Sixpence None the Richer chronology
| The Fatherless and the Widow (1994) | This Beautiful Mess (1995) | Sixpence None the Richer (1997) |

= This Beautiful Mess =

This Beautiful Mess is the second studio album by American band Sixpence None the Richer, released in 1995 (see 1995 in music). The recording was produced by Armand John Petri, who also managed the band from 1993 to 1997. This Beautiful Mess surpassed 50,000 copies sold during its first year of release and laid the foundation for Sixpence's self-titled breakout album two years later. This Beautiful Mess won the 1996 Dove Award for "Alternative/Modern Rock Album of the Year." The songs "Within a Room Somewhere" and "I Can't Explain" were both minor hits on the Christian music charts.

Two bands named after this album exist. The first originated in Colorado Springs, Colorado in 1996 and went on to become OneRepublic. The second, formed in 1997, is the Dutch rock quintet from the Netherlands.

==Critical reception==

At the time of the album's release, Sixpence None the Richer were stereotyped as both an indie band and a Christian band, which led to This Beautiful Mess receiving relatively little in the way of attention from the secular or "mainstream" music industries — the band's lead vocalist, Leigh Nash, stated during a 1999 interview, "we really knocked ourselves out for [This Beautiful Mess] and it didn’t really go anywhere." — although the attention it did receive was generally positive.

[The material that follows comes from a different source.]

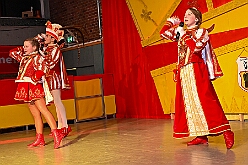 03 Prunks RG Laar 2026- 02-14 03  Samstags Tour, 14. Februar - Nach dem Kinderkarnevalszug hatten wir an diesem Samstag noch 3 Termine. Zuerst waren wir zum Seniorenkarneval im CURATA Haus in Dinslaken Hiesfeld. Am Abend ging es zum letzten Mal bei unseren » Blauen Jungs « auf die Bühne. Und auch zum letzten Mal hieß es Helau bei der KG Rot-Gold Laar. : DVPJ, Toni I, Kinderprinz Juls I., Juls I., Prinzessin, Aileen I., Prinzessin Aileen I., HDK, Duisburg, Karneval, Helau, Tollität, Event, Session 2025, Session 2026, Hauptausschuss, Gemeinschaft, Hauptausschuss Karneval Duisburg, Duisburg ist echt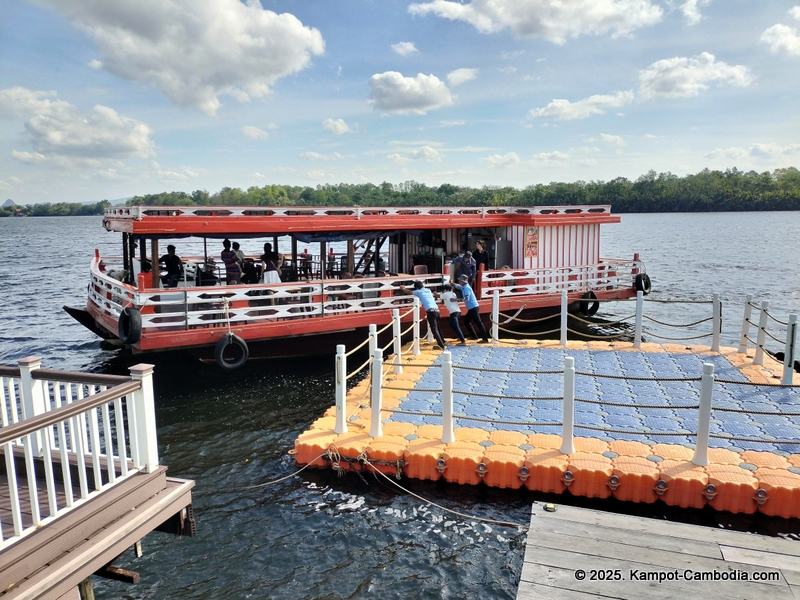 castle bayview hotel in kampot cambodia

The magazine Cross Rhythms highly praised it, saying "This, their second (proper) album, has been eagerly awaited and does not disappoint.", and AllMusic gave a moderately favorable review with particular praise going to the songs "Within a Room, Somewhere", calling it "one of the strongest songs of the album," and "Melting Alone," which "keenly expresses the pain of loneliness."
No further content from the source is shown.